Cooter Brown and I were in the process of buying a house.
A really cool, funky house surrounded by trees and nice people and gentle hills.
The house needed a lot of love, and we were willing to give that love.
But fate, or whatever it is, intervened and we lost our little house. Days before it was officially ours.
And it feels like a death. It's crushing, really, how badly losing a home feels.
A home that, like I just said, wasn't even ours yet.
I pride myself on not being super materialistic. If my apartment burned down, I'd miss my shoes and my jeans and my computer, but I'd live.
I'd mourn for my iPhone, sure, and I'd be sad having to replace my "[Name of High School] Class of '01" coffee mug with something generic from Target. But I'd live.
And I'll live after losing this house. But this hurts so impossibly much.
I'm no stranger to mental pain.
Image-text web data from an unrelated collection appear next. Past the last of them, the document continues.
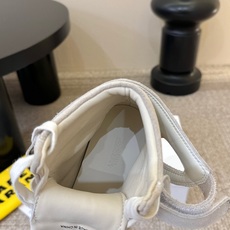 Isabel Marant/伊莎贝尔2026春夏新款经典复古内增高冲孔系带高帮休闲鞋!超级有高级感上脚超 Isabel Marant/伊莎贝尔2026春夏新款经典复古内增高冲孔系带高帮休闲鞋!超级有高级感上脚超
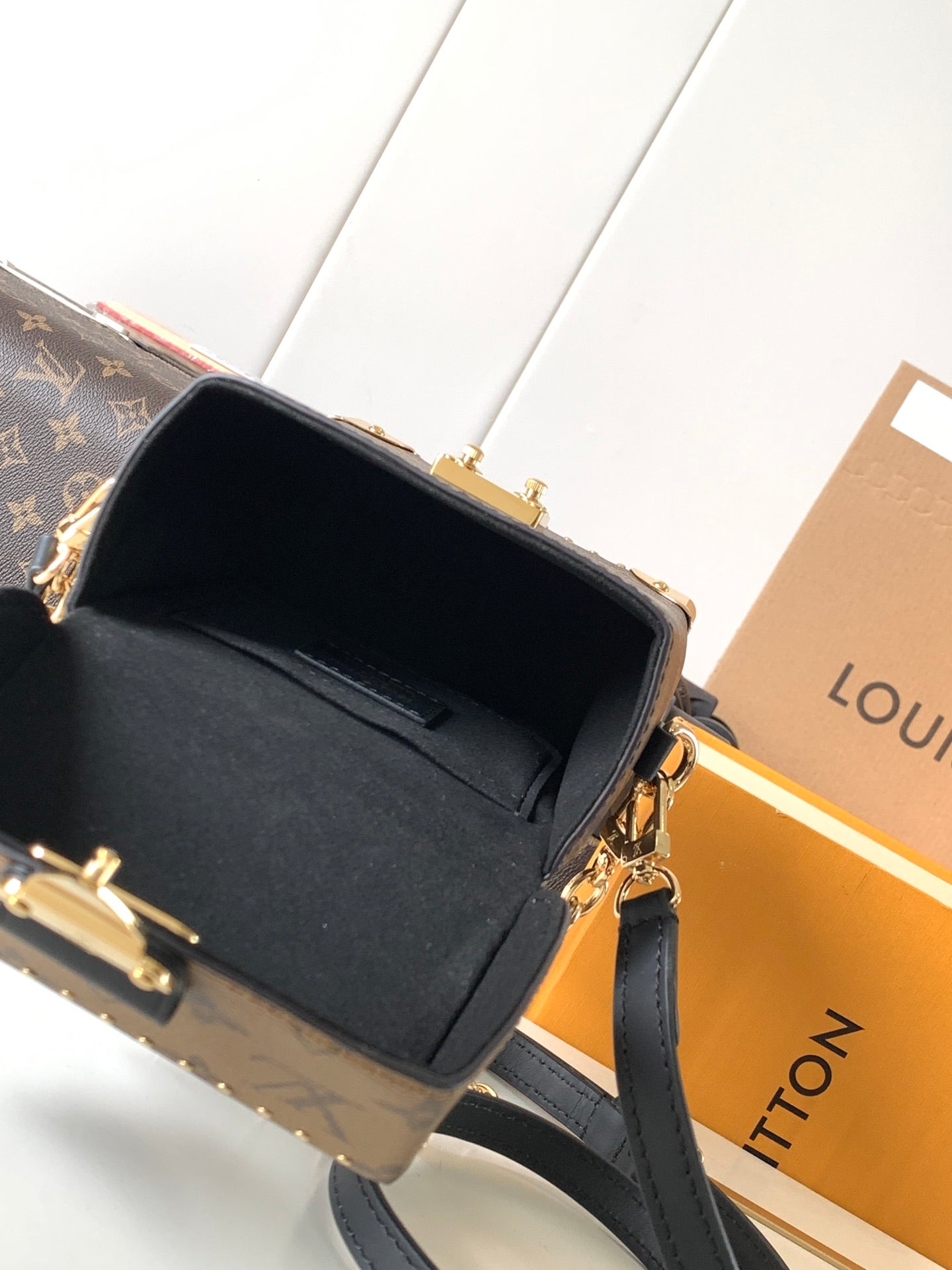 New 💯 ladies' bags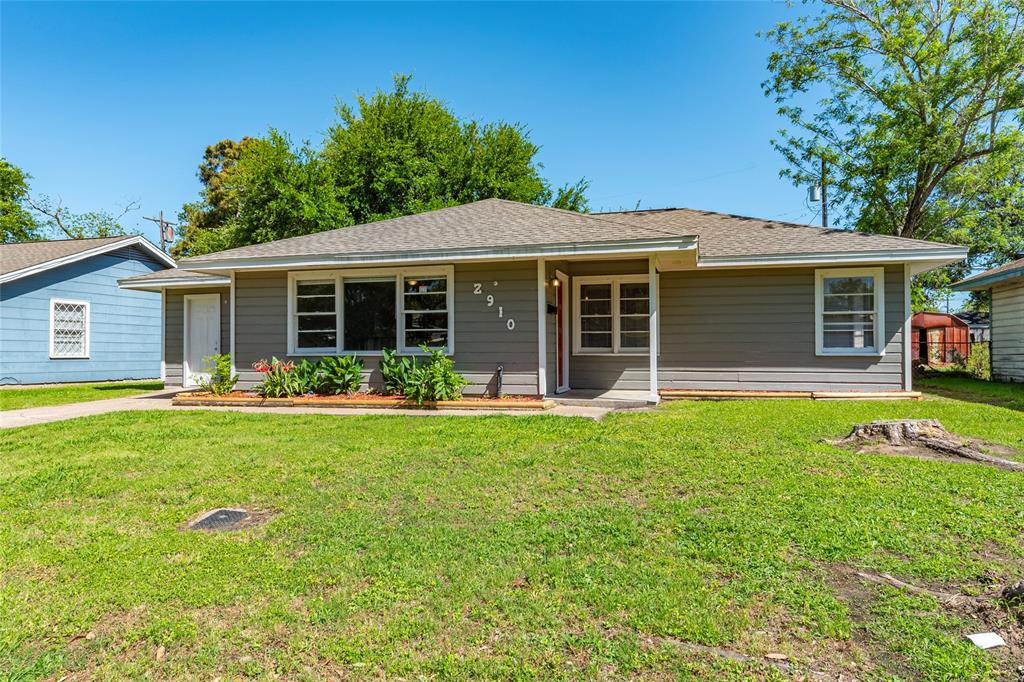 2910 Vance Avenue, Texas City, Texas image 2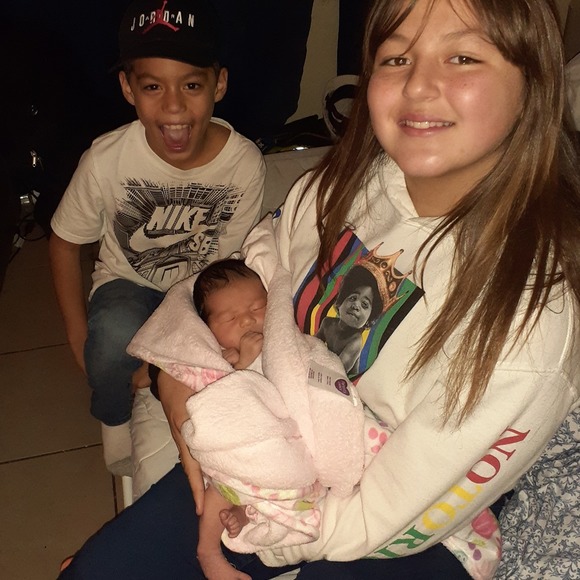 Profile Picture of Richard Munoz (@richardmunoz60) on Poshmark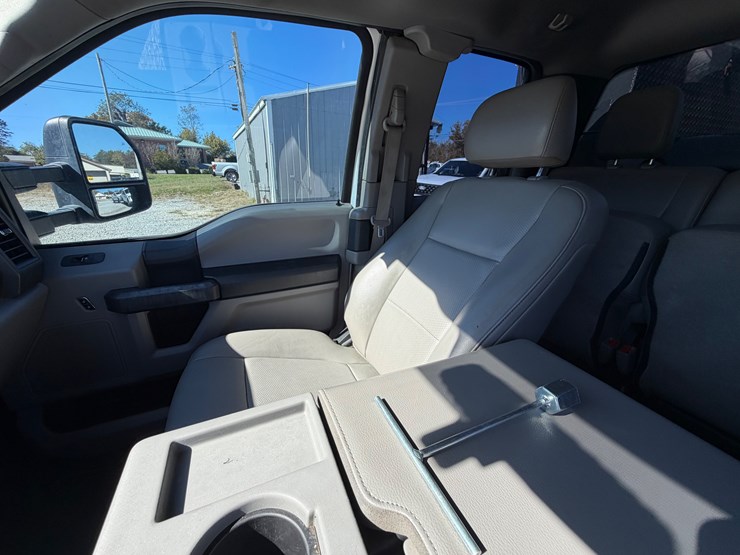 2017-ford-f450-xl-image-27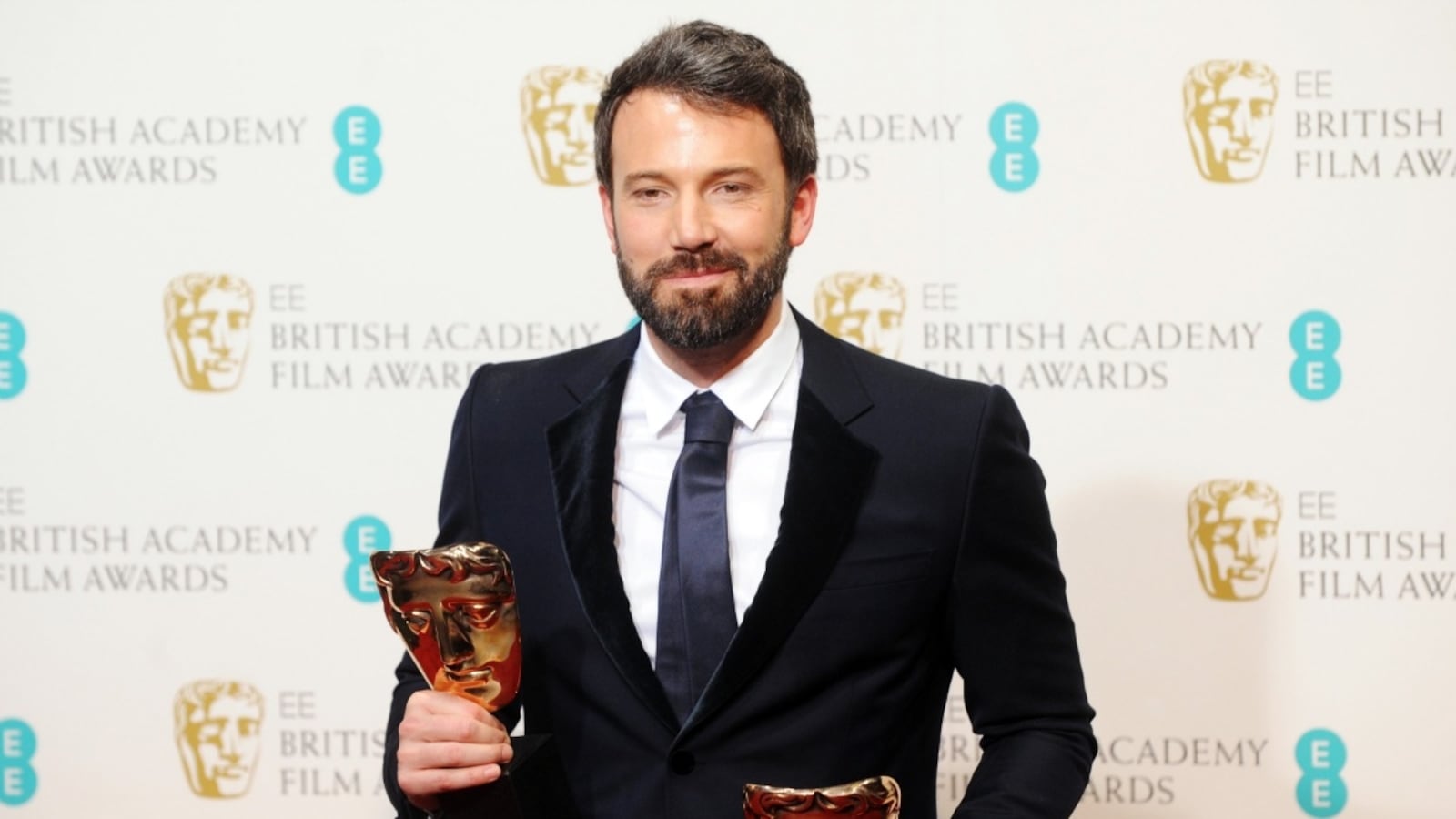 cheats/2013/08/22/ben-affleck-is-the-next-batman/affleck-bafta-cheat_pdtgqw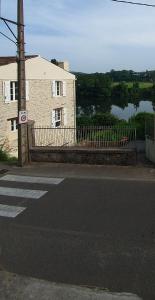 Chambre spacieuse vue sur le Lot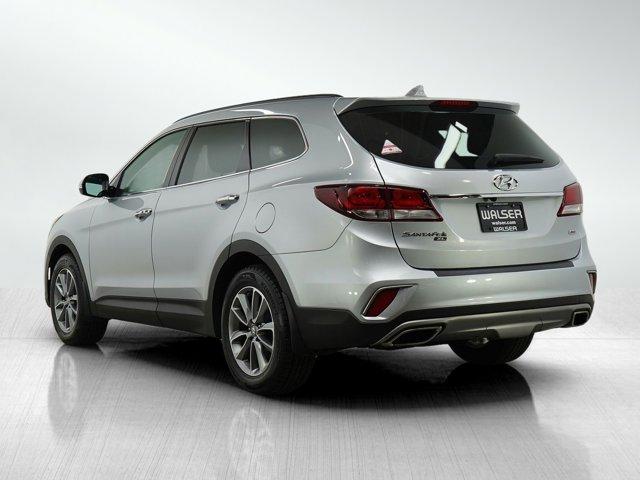Photo of 2019 Silver Hyundai Santa Fe XL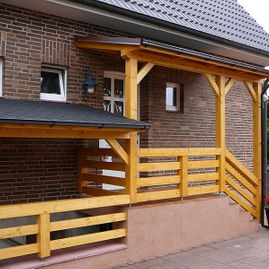 Vordach in Kombination aus Holz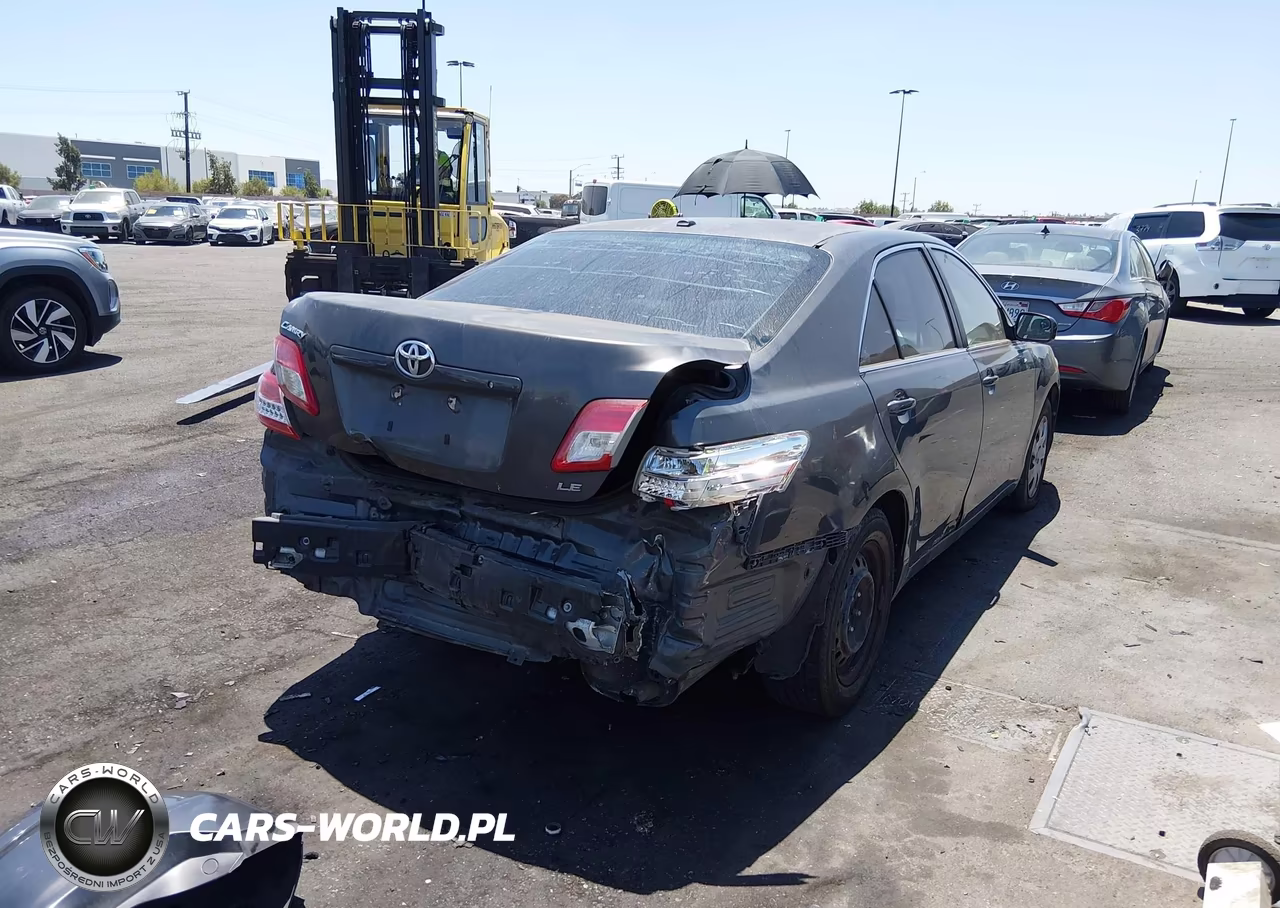 2011 Toyota Camry Le VIN:4T1BF3EK0BU628280 - 4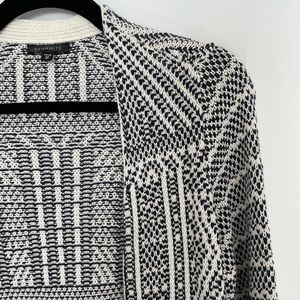 ‼️SOLD‼️ Like new! Dynamite Cardigan Navy and Cream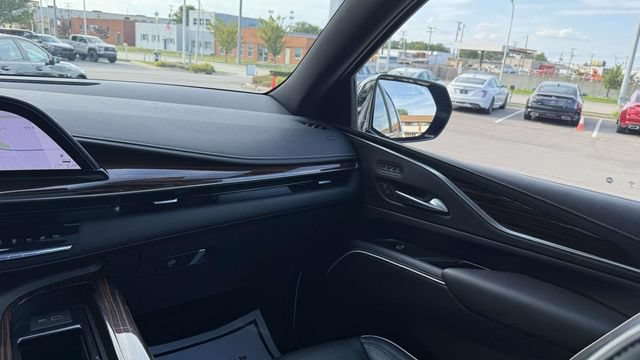 Used 2022 Cadillac Escalade Premium Luxury AWD/4WD image 66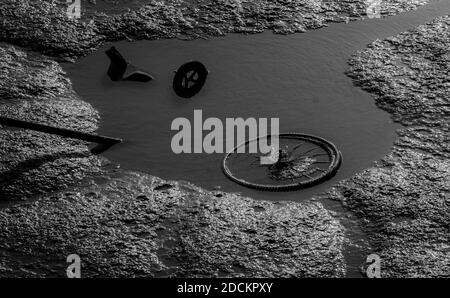 Altes Fahrrad Rad im Fluss abgeladen Stockfoto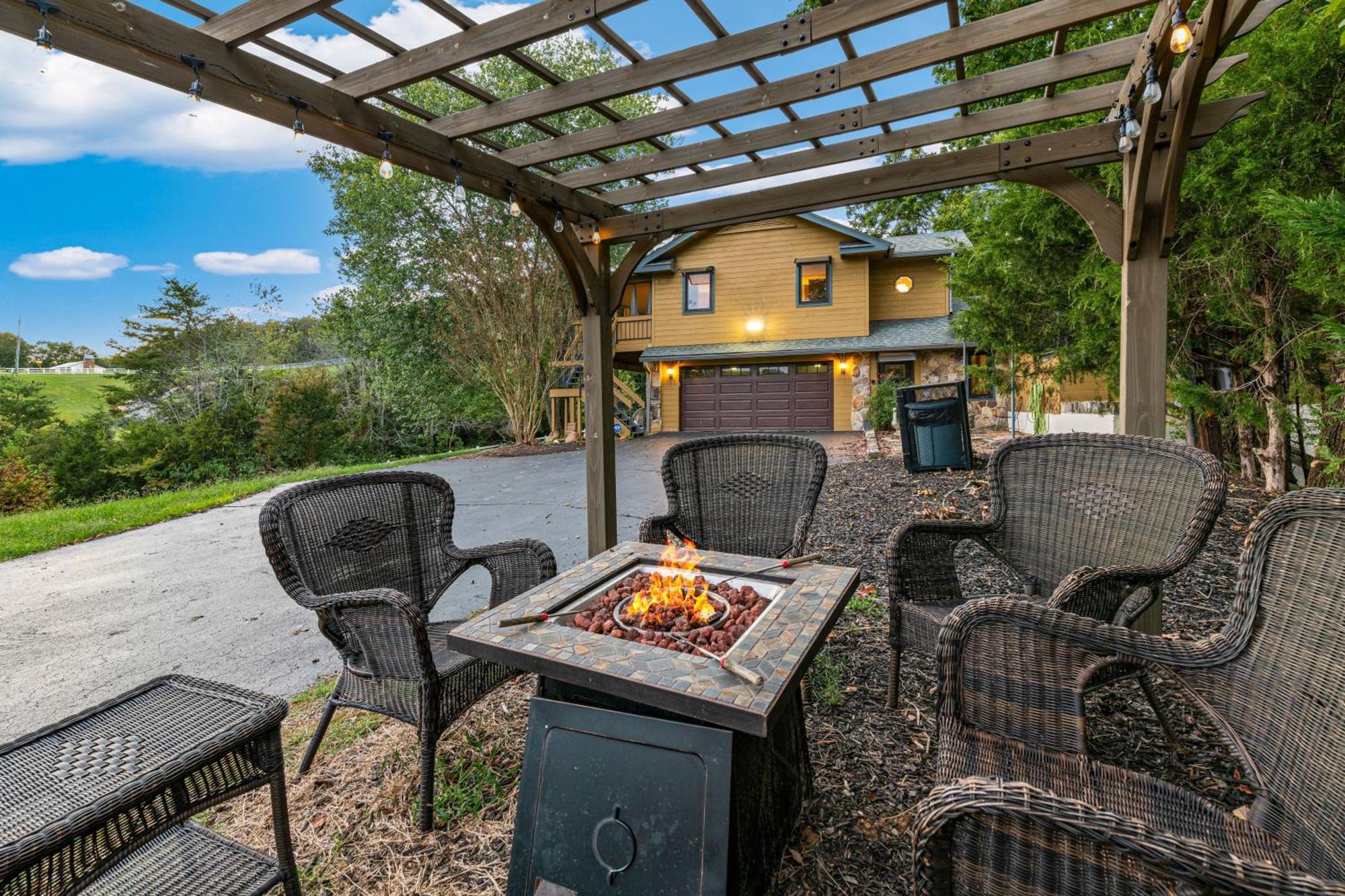 Villa Haven On The Pond à Pigeon Forge Extérieur photo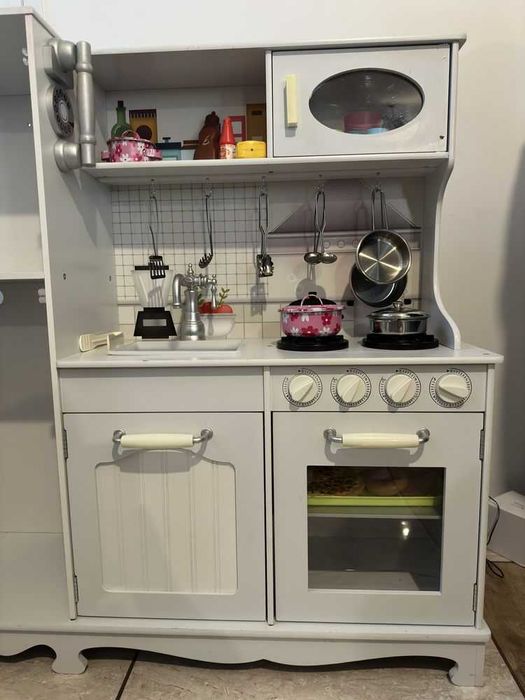 Детска кухня за игра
I lost a job when the economy was shit, while I was unmarried and living with a guy. And I was frightful that he'd leave me if he had to support me. I've lost family members and friends, and nearly lost my mind at the same time. I even faced being crippled when my surgery went all wrong and had to deal with the fear that I might not walk right, get in and out of cars easily, or run ever again (I still have a slight limp today, but only a few have noticed).
But losing this house hurt in a new way. It was a failure. I failed. I failed that little house and the future we would share. And now it will sit there and continue to rot away and die.
We dodged a bullet, everyone is saying.
It happened for a reason, we keep hearing.
It wasn't meant to be, people have repeated ad infinitum.
Blessing in disguise? Maybe. Divine intervention? Arrogant to think that my life is that important, but whatever. Fucked up coincidence that happened in the nick of time? Most likely, although that blows, too.
Anyway, I'll just keep on keeping on. And eventually I'll get off of this sad little roller coaster and onto the platform of another home. Hopefully a better home.